Será sensato vender empresas públicas? Nuns casos sim, noutros não. Depende da sua natureza. A outra questão tem a ver sobre o momento de o fazer e se vale a pena avançar quando a economia ainda não recuperou e o seu valor é baixo. Não me parece. É melhor fazê-lo quando a economia está de novo a recuperar e o preço pode ser mais alto. O Governo pode assim ganhar mais dinheiro com a venda. Mas, mais uma vez, esses estrangeiros, a troika, impuseram coisas sabendo da fraqueza do país. As privatizações não têm nada a ver com os problemas de Portugal que são de crescimento baixo, devido a uma procura também diminuta.

Mas o nosso Governo estava em posição de dizer não?
Penso que sim.
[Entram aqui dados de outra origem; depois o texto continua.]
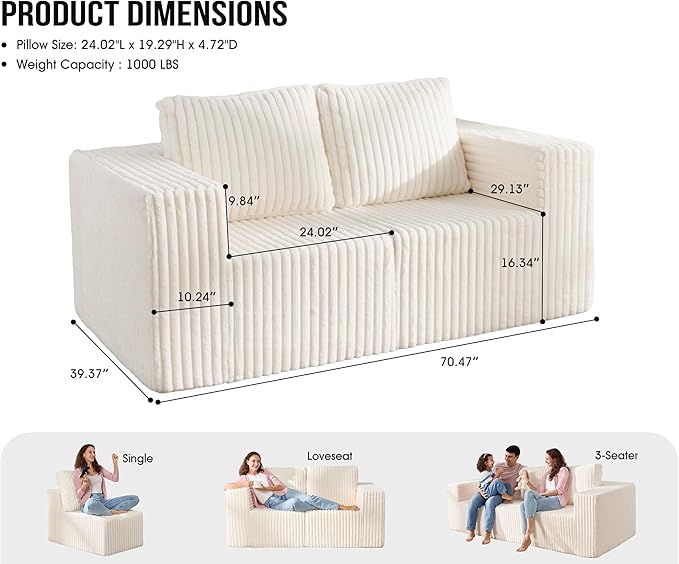 Modular Sectional Sofa 2 Seater Loveseat Modular Couch - Image 2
Devia ter batido com a mão na mesa e dito: "Não, não fazemos isto".

Há quem pense que este período da troika em Portugal serviu apenas para duas coisas: avançar com privatizações e reduzir custos laborais. Foi assim?
Como disse, as privatizações não têm nada a ver com os problemas que Portugal sofre hoje em dia. É uma ideologia que a Comissão impôs sem legitimidade. No que diz respeito aos custos laborais, há um problema de produtividade em Portugal que tem de ser melhorado, mas isso é apenas uma parte. A questão é: como é que se sai desta situação económica em que há um contínuo crescimento lento?

Defende que a austeridade matou a economia portuguesa por muitos anos. O que podemos fazer para a necessária ressurreição?
Isso será difícil, porque estão muito dependentes do que acontece na Europa. Os portugueses e o Governo precisam de começar a investir, há uma grande necessidade de investimento neste país, estimulando o investimento público e privado. A primeira prioridade devia ser o investimento.

Isso é possível com as regras do tratado orçamental europeu?
Pois, esse é um problema que tem a ver com os dogmas que lideram a Europa. Um deles é de que não pode haver investimento se houver dívida. Mas as empresas estão sempre a investir quando têm dívida. Se se seguisse a ideia de que só se pode investir os lucros, então não haveria crescimento.


"Países do Sul podiam ter juntado forças para lutar contra o Norte, mas tiveram medo". Foto: Joana Bourgard

Teve no passado uma expressão curiosa: o capitalismo devia ser salvo dos capitalistas. Não é um paradoxo?
Falava dessa questão quando me referia ao crescimento das desigualdades, que agora se tornou tão intenso que está a criar problemas ao capitalismo. As pessoas não estão a aceitar um sistema que caminha por uma via tão desigual. O que quer dizer que um grupo pequeno de pessoas tem um poder enorme e está a minar as bases da democracia e também dos mercados. Neste sentido, estes capitalistas estão a destruir o capitalismo a longo prazo.

Vimos muitos economistas a prever o futuro nestes anos, mas arriscaria dizer que a maioria falhou as suas previsões. As pessoas podem continuar a confiar neles?
Os economistas fizeram muitos erros, claro. Não deviam fazer isso porque é muito difícil. Se o fizerem sistematicamente, há uma grande probabilidade de errar e perderão reputação. Isso é um problema. O outro é que muitos estão a usar maus modelos económicos.